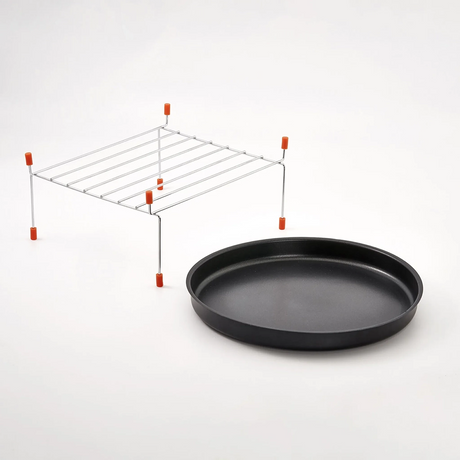 Ein schwarzes, rundes Backblech und ein Metallgitter mit orangefarbenen Füßen sind nebeneinander abgebildet, ideal für die CASO HCMG 25 Mikrowelle - silber von CASO, alles vor einem schlichten weißen Hintergrund.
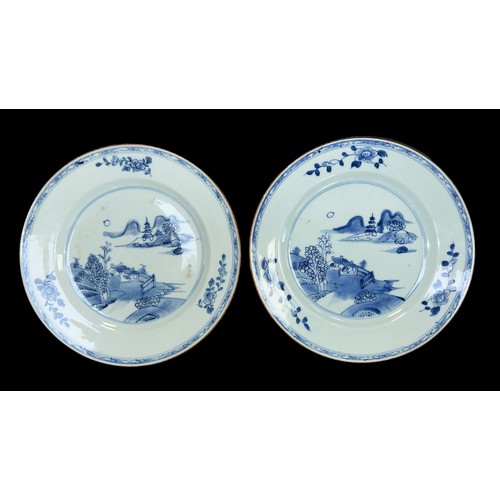 359 - 18th / 19th pair of fine blue and white Chinese plates, landscape interior decoration with floral ex... 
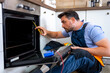 © Marko - Technician repairs oven in modern kitchen while measuring appliance components
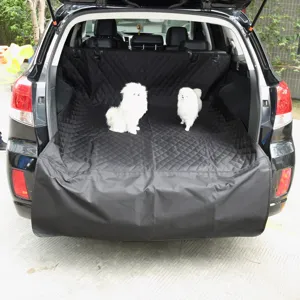 Waterproof car trunk mat for dogs, black quilted pet cargo liner with bumper flap protection.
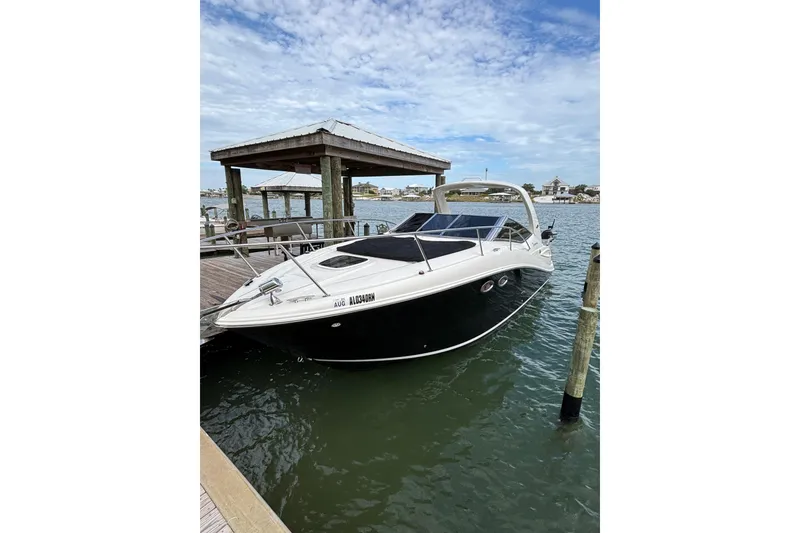 Slide: The Image of 2008 Sea Ray 290 Sundancer docked at marina under blue sky. - 17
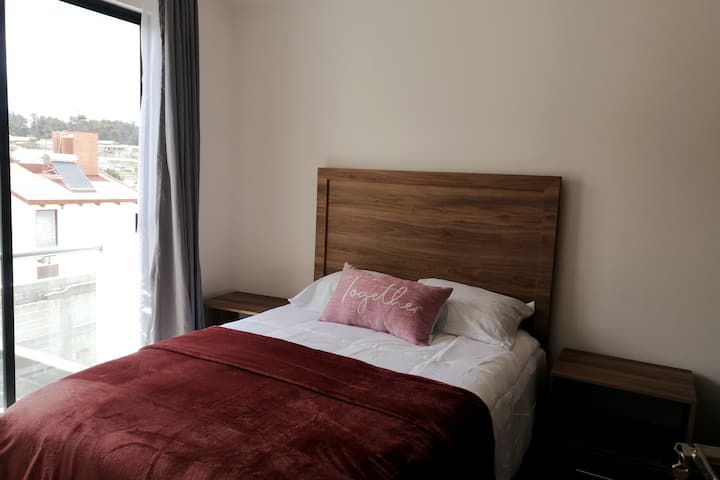 Chumba kilicho na kitanda cha watu wawili ghorofani na dawati lililojengwa kwenye kabati la ofisi ya nyumbani.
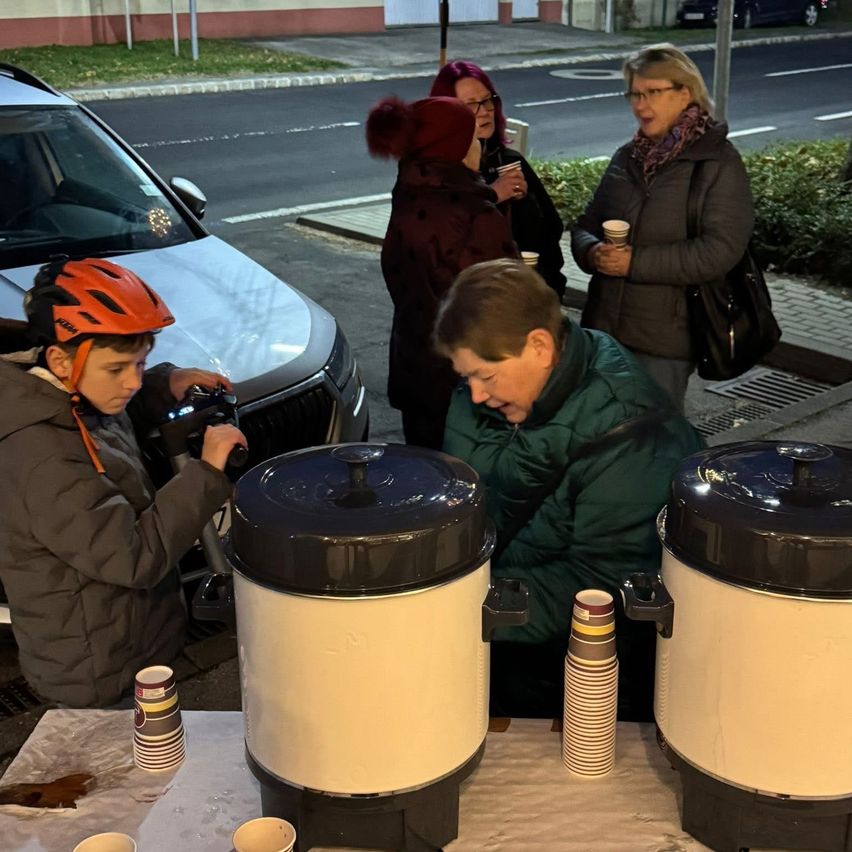 Eine Gruppe von Menschen versammelt sich um einen Tisch mit Kaffeekannen. Ein Junge im Helm hält eine Kamera. Ein Mann lächelt, und andere stehen in der Nähe mit Tassen. Ein Auto ist am Straßenrand geparkt.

══════════

> _Your objective_
Copy out every line of the data above, taking care to leave the pictures out.

> _Result of the exercise_
 Ein schwarzes, rundes Backblech und ein Metallgitter mit orangefarbenen Füßen sind nebeneinander abgebildet, ideal für die CASO HCMG 25 Mikrowelle - silber von CASO, alles vor einem schlichten weißen Hintergrund.
 359 - 18th / 19th pair of fine blue and white Chinese plates, landscape interior decoration with floral ex... 
 © Marko - Technician repairs oven in modern kitchen while measuring appliance components
 Waterproof car trunk mat for dogs, black quilted pet cargo liner with bumper flap protection.
 Slide: The Image of 2008 Sea Ray 290 Sundancer docked at marina under blue sky. - 17
 Chumba kilicho na kitanda cha watu wawili ghorofani na dawati lililojengwa kwenye kabati la ofisi ya nyumbani.
 Eine Gruppe von Menschen versammelt sich um einen Tisch mit Kaffeekannen. Ein Junge im Helm hält eine Kamera. Ein Mann lächelt, und andere stehen in der Nähe mit Tassen. Ein Auto ist am Straßenrand geparkt.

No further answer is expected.